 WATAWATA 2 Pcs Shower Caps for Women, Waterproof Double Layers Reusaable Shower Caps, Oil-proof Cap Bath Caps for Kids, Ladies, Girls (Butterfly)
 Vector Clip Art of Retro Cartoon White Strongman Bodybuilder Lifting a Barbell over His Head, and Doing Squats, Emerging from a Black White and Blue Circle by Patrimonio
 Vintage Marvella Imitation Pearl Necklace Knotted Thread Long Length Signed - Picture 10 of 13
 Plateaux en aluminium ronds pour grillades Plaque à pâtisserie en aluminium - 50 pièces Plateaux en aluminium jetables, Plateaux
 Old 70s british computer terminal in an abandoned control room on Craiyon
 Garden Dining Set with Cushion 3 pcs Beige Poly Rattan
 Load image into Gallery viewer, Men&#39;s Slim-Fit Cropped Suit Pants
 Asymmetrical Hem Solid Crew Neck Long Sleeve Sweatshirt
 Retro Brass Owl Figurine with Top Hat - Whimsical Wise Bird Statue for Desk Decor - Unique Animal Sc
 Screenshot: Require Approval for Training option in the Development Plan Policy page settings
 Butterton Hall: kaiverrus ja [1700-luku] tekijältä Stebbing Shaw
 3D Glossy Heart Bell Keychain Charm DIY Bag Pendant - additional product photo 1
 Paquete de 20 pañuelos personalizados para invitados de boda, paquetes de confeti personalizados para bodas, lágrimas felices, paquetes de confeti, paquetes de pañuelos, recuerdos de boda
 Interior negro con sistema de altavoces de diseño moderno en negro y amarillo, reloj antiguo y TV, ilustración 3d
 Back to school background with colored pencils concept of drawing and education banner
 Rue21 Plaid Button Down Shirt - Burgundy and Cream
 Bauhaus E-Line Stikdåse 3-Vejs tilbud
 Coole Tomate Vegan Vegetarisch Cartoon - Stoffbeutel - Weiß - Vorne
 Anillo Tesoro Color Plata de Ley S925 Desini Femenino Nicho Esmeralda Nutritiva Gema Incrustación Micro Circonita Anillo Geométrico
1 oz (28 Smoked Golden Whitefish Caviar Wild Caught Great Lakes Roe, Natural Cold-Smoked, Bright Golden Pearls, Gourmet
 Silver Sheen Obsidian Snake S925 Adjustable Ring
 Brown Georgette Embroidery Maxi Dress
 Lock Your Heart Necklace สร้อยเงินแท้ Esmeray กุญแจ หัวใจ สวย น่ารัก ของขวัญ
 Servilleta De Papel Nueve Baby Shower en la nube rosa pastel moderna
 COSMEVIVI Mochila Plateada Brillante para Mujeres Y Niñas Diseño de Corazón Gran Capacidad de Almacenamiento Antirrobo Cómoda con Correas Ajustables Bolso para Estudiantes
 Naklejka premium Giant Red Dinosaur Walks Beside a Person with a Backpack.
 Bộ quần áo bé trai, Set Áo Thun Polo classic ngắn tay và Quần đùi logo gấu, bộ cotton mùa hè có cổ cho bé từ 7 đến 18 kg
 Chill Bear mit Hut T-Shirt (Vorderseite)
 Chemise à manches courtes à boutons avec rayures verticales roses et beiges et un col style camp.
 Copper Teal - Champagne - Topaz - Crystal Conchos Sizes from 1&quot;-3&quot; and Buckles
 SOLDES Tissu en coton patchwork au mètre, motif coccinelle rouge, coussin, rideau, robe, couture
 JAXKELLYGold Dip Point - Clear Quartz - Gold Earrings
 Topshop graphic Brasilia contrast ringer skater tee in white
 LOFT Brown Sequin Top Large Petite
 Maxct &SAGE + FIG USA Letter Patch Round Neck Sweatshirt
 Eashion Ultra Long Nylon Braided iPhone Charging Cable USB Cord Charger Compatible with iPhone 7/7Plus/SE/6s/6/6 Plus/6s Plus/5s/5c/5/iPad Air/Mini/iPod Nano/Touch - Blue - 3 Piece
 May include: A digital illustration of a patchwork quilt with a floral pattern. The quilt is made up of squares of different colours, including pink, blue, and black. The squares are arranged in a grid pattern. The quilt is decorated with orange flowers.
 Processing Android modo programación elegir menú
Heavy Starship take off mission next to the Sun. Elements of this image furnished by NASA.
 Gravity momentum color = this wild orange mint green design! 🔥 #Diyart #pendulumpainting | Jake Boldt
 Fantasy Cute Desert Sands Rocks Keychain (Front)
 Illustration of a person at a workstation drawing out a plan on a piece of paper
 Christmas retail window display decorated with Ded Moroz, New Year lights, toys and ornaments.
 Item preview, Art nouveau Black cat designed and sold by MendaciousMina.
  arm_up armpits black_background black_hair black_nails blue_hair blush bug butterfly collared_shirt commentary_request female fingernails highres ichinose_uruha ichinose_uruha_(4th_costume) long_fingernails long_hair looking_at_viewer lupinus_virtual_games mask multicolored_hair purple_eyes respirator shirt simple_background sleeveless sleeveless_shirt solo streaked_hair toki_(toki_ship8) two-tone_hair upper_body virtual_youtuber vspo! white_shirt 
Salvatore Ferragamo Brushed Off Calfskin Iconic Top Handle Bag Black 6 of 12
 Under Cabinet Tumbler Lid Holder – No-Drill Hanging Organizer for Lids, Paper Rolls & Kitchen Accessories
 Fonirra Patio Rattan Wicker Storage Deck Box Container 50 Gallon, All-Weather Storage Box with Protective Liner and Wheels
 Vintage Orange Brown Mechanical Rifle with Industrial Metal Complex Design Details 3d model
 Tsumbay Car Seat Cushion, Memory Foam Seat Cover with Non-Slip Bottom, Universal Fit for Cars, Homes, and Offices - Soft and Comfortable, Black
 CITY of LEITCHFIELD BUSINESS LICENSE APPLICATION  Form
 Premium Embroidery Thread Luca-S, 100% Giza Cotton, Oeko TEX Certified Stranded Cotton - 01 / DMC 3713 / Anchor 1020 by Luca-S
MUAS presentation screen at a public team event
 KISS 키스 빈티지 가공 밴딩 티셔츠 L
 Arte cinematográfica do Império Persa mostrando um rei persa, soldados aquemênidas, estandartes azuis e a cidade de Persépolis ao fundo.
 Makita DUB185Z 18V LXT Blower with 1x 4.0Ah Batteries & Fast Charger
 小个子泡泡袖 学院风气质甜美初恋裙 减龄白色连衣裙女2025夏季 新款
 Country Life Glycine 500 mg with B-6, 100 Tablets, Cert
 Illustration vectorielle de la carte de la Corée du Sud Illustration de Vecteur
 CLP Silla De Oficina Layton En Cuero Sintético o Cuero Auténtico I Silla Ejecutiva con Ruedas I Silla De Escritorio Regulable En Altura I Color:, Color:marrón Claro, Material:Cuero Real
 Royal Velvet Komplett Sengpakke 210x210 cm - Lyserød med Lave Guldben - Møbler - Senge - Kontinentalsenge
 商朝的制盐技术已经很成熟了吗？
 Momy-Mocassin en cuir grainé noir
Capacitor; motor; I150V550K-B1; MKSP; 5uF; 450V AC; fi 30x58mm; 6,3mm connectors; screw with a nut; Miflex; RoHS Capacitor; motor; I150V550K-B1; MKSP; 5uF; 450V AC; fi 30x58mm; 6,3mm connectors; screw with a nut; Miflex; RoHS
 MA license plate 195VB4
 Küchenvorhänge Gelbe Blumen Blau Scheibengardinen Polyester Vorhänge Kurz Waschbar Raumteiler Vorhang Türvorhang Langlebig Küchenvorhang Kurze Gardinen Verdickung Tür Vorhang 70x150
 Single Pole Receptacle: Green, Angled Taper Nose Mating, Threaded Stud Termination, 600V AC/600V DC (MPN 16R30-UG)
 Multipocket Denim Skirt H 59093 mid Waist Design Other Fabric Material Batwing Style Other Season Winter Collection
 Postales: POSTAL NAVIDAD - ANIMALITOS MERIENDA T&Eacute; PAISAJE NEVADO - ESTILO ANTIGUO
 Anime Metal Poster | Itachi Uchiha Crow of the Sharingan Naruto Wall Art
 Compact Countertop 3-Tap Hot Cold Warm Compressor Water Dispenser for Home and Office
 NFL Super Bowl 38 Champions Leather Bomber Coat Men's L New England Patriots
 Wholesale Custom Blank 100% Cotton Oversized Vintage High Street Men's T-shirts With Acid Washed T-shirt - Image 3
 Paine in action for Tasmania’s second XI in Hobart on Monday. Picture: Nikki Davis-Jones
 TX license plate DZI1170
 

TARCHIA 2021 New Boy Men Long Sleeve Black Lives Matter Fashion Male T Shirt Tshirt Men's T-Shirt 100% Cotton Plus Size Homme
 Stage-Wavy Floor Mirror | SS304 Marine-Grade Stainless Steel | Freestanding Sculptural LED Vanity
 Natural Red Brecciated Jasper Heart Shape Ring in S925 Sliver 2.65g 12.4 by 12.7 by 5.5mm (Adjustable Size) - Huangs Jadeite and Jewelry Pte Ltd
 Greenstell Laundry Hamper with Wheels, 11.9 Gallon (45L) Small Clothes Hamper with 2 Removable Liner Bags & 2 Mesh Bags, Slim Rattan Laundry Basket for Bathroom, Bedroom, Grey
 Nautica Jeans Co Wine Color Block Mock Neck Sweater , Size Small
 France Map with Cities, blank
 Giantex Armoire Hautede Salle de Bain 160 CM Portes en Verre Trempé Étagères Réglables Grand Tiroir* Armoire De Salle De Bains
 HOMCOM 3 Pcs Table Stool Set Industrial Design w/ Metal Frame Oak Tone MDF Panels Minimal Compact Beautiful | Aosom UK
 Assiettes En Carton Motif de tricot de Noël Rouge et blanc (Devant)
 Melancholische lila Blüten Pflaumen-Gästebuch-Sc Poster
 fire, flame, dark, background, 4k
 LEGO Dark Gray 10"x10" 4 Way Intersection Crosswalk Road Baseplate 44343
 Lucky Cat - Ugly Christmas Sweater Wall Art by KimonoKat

▸ **Work required**:
Transcribe verbatim. Cover the lines from the first line of the entries above to the line containing "Retro Brass Owl", inclusive.

▸ **Exercise output**:
 WATAWATA 2 Pcs Shower Caps for Women, Waterproof Double Layers Reusaable Shower Caps, Oil-proof Cap Bath Caps for Kids, Ladies, Girls (Butterfly)
 Vector Clip Art of Retro Cartoon White Strongman Bodybuilder Lifting a Barbell over His Head, and Doing Squats, Emerging from a Black White and Blue Circle by Patrimonio
 Vintage Marvella Imitation Pearl Necklace Knotted Thread Long Length Signed - Picture 10 of 13
 Plateaux en aluminium ronds pour grillades Plaque à pâtisserie en aluminium - 50 pièces Plateaux en aluminium jetables, Plateaux
 Old 70s british computer terminal in an abandoned control room on Craiyon
 Garden Dining Set with Cushion 3 pcs Beige Poly Rattan
 Load image into Gallery viewer, Men&#39;s Slim-Fit Cropped Suit Pants
 Asymmetrical Hem Solid Crew Neck Long Sleeve Sweatshirt
 Retro Brass Owl Figurine with Top Hat - Whimsical Wise Bird Statue for Desk Decor - Unique Animal Sc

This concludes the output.